**LISTED RECORDS**
▬▬▬
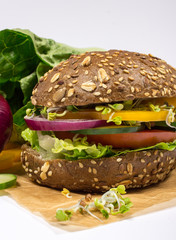 Vegetarian sandwich with fresh vegetables.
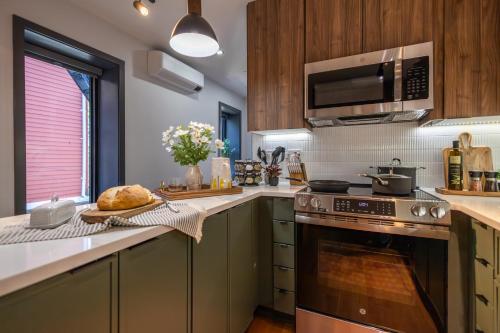 a kitchen with a stove and a microwave at 2BR2Bth 2 Parking Spaces,TD Garden,MIT,Harvard,BOS in Somerville
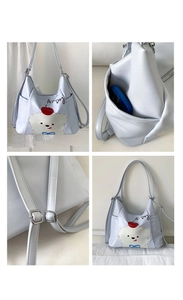 Détail de la poche latérale du sac à bandoulière bleu clair avec motif de chien et téléphone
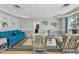 A view of the lobby with comfortable seating arrangements and tasteful decor at 4650 Links Village Dr # B103, Ponce Inlet, FL 32127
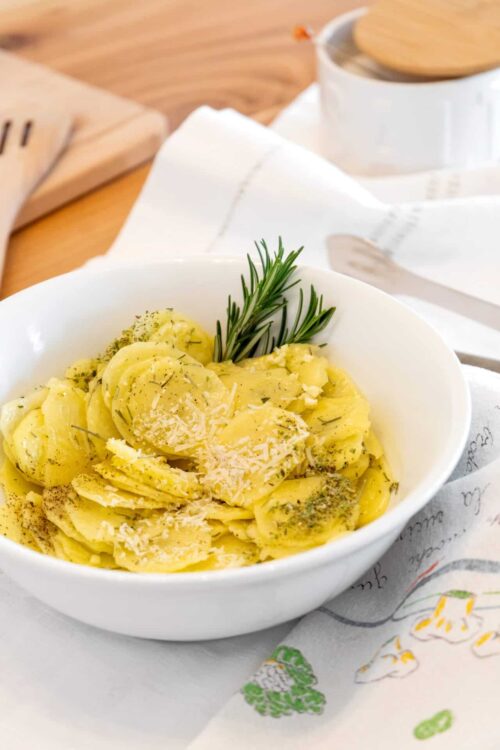 Creamy potato pasta with grated cheese and fresh rosemary garnish.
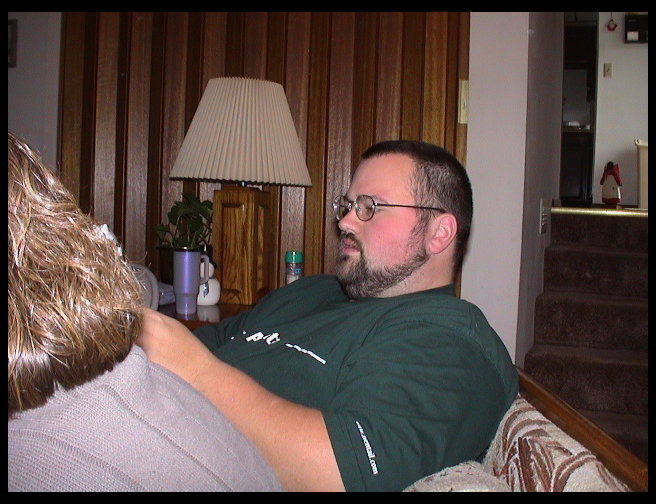 There is Timm opening a gift.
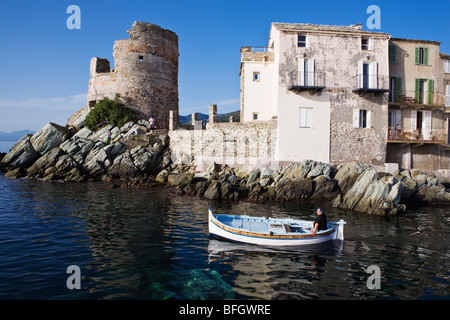 Man in boat leaving Erbalunga harbour Corsica France Stock Photo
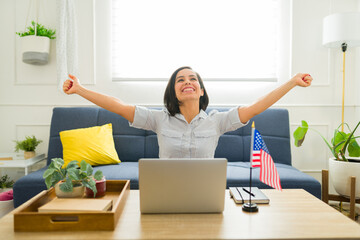 Happy woman excited about studying English online in the US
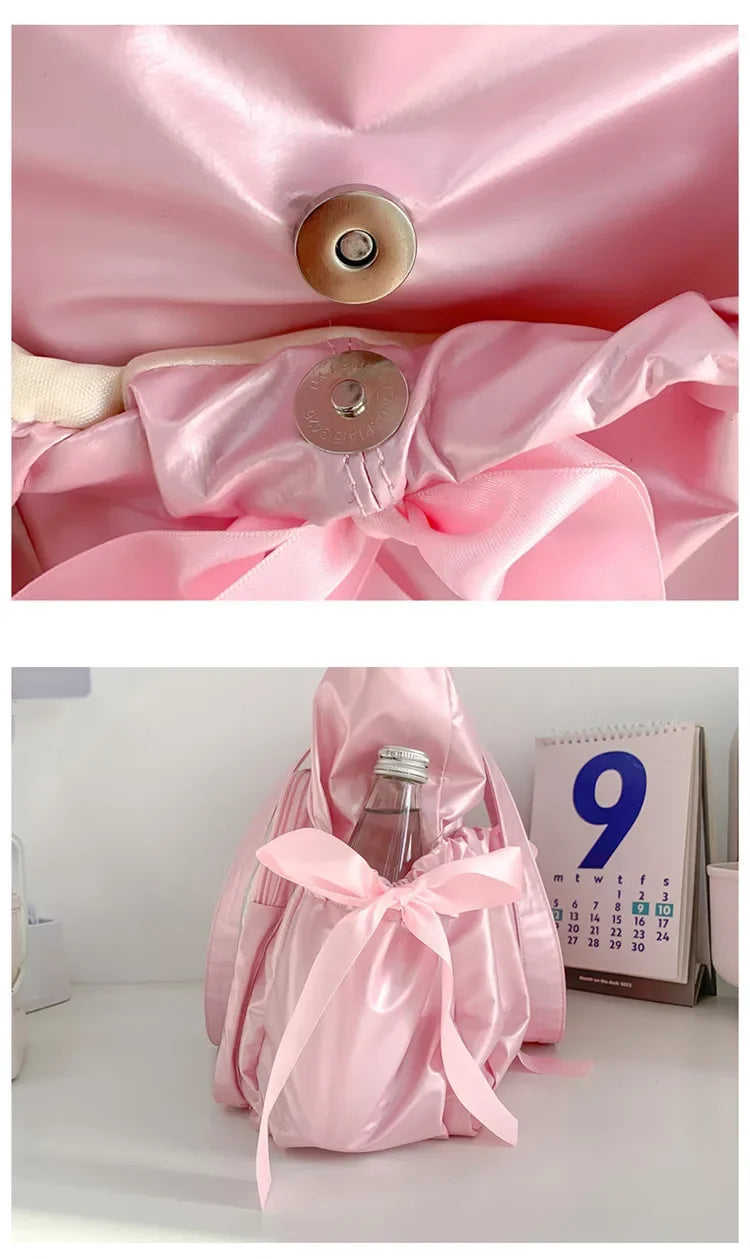 Side view of the ribbon ita bag showing a water bottle inside the spacious compartment and the magnetic snap closure on the side bow pocket.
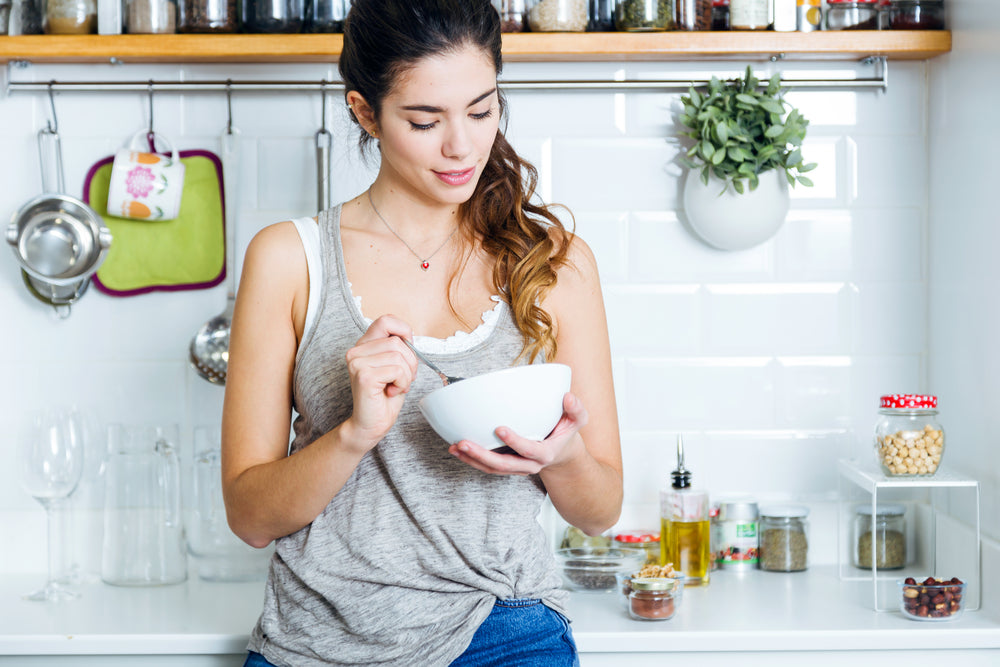 Woman eating healthy fats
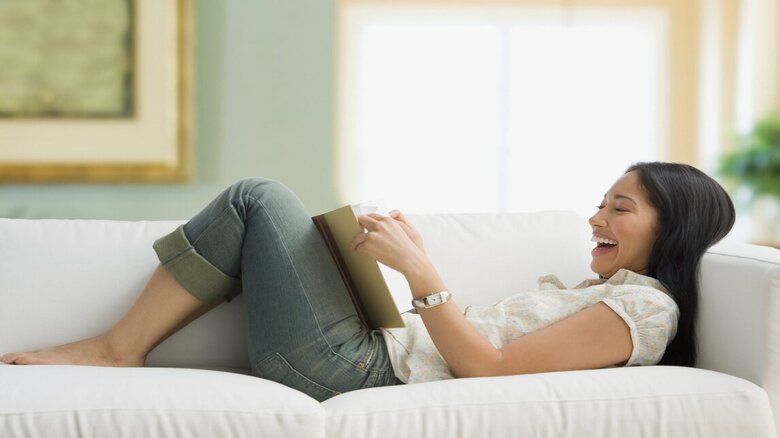 Woman reading and laughing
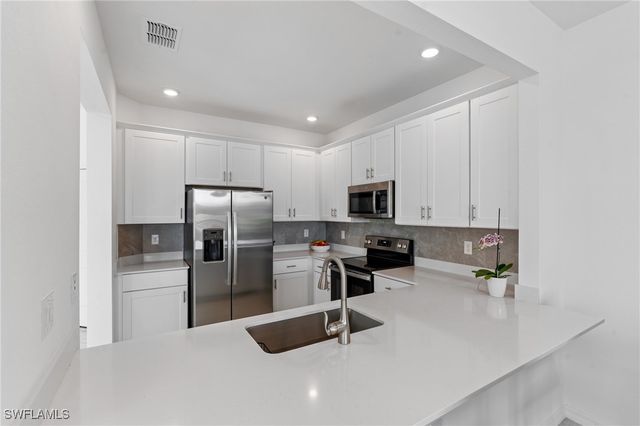 2850 Blossom WAY, Naples, FL 34120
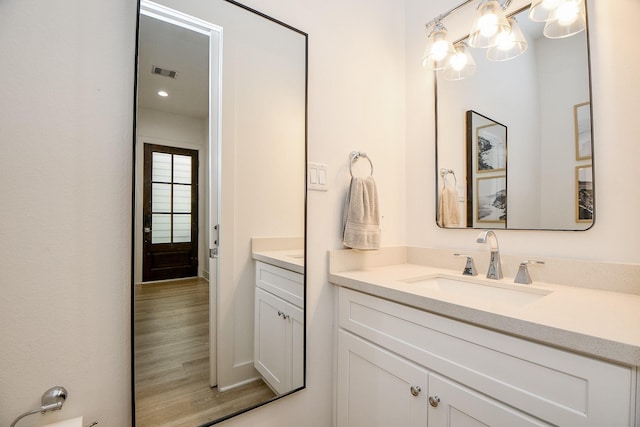 bathroom with a chandelier, wood-type flooring, and vanity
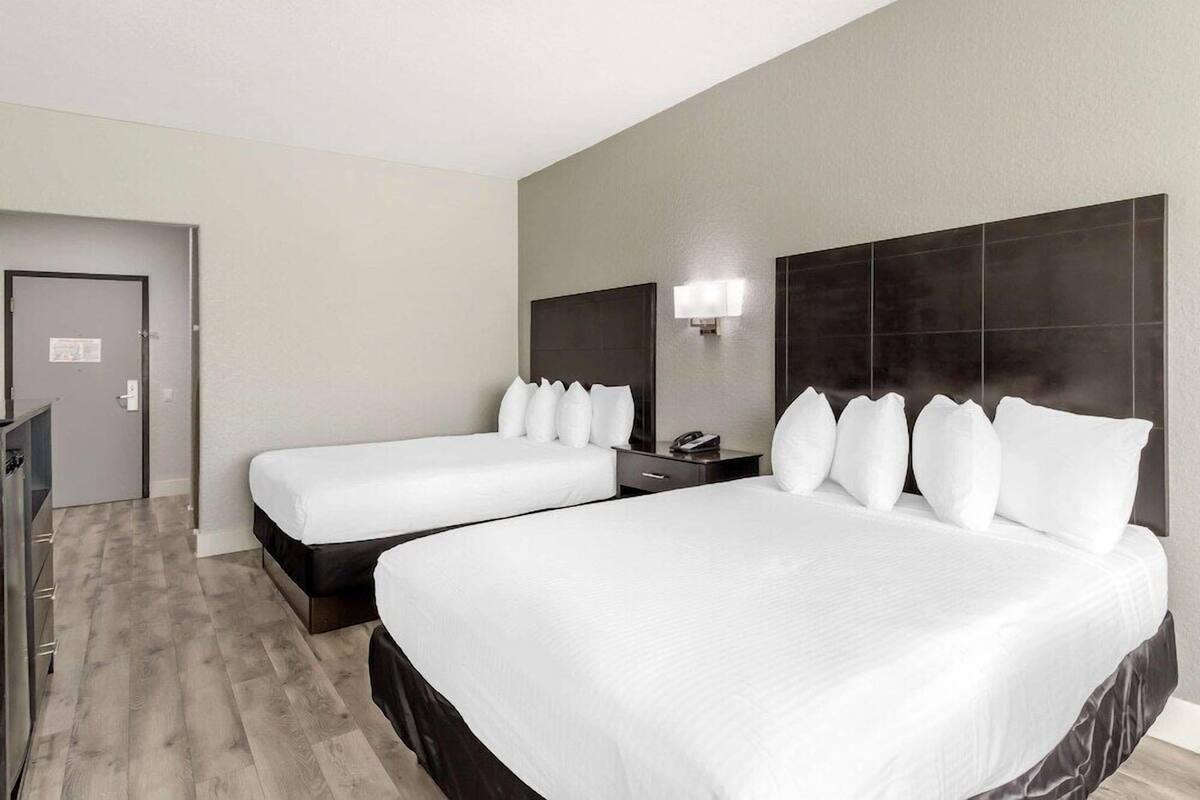 Ein Hotelzimmer mit zwei Betten, einem Schreibtisch, einem Stuhl, einem Fernseher und einer Tür.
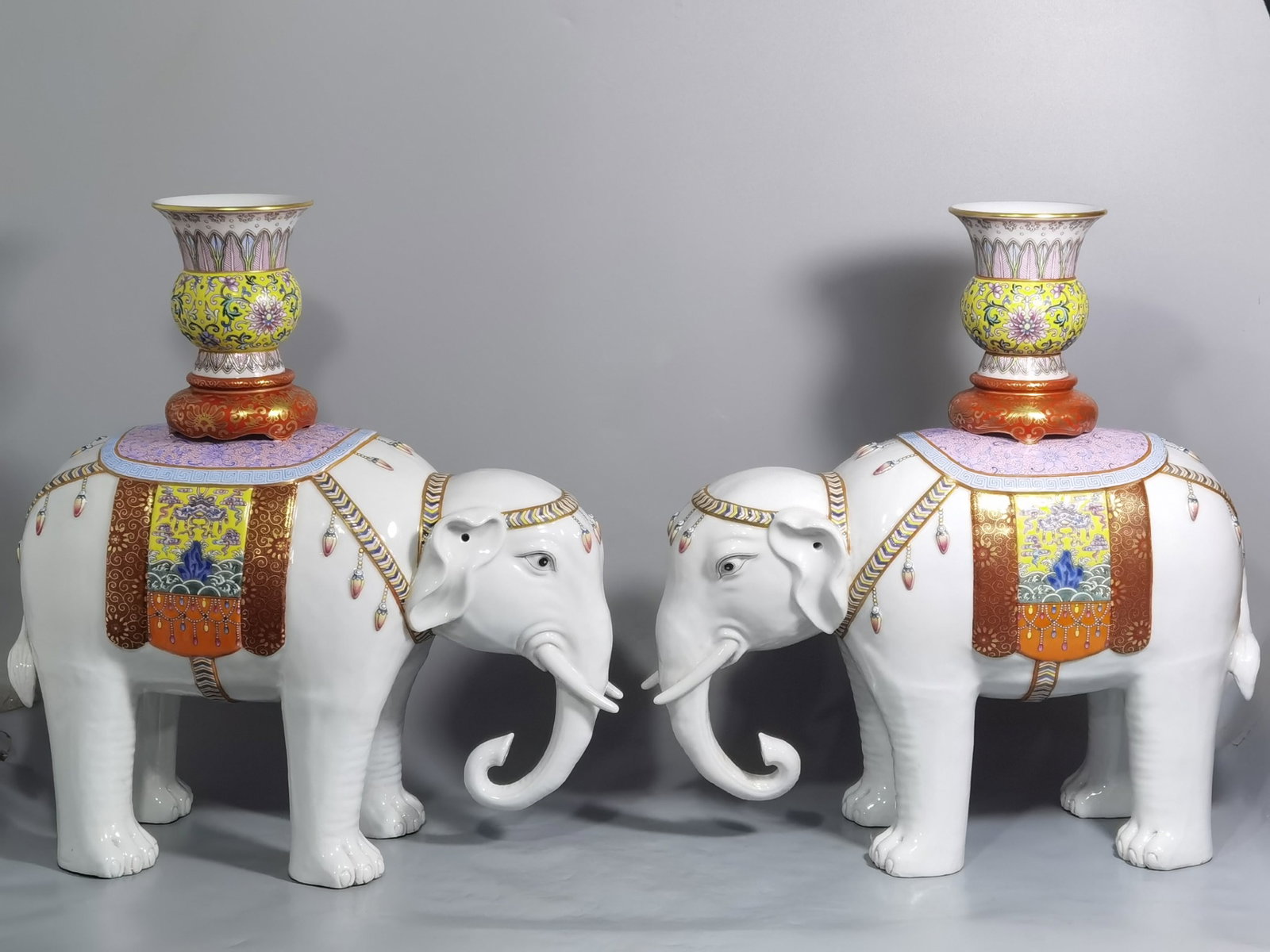 A Pair of Rare Famille-Rose Lotus Pattern Elephant Ornaments: A Pair of Rare Famille-Rose Lotus Pattern Elephant Ornaments,Qing Dynasty,China,Qianlong Six-character Mark,Size:13.2inx13in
▬▬▬
**WHAT TO DO**
Within the data above, repeat exactly the lines from the one bearing "Détail de la" through the one bearing "Creamy potato pasta". Include no pictures and nothing else.

**REPLY TO THE EXERCISE**
 Détail de la poche latérale du sac à bandoulière bleu clair avec motif de chien et téléphone
 A view of the lobby with comfortable seating arrangements and tasteful decor at 4650 Links Village Dr # B103, Ponce Inlet, FL 32127
 Creamy potato pasta with grated cheese and fresh rosemary garnish.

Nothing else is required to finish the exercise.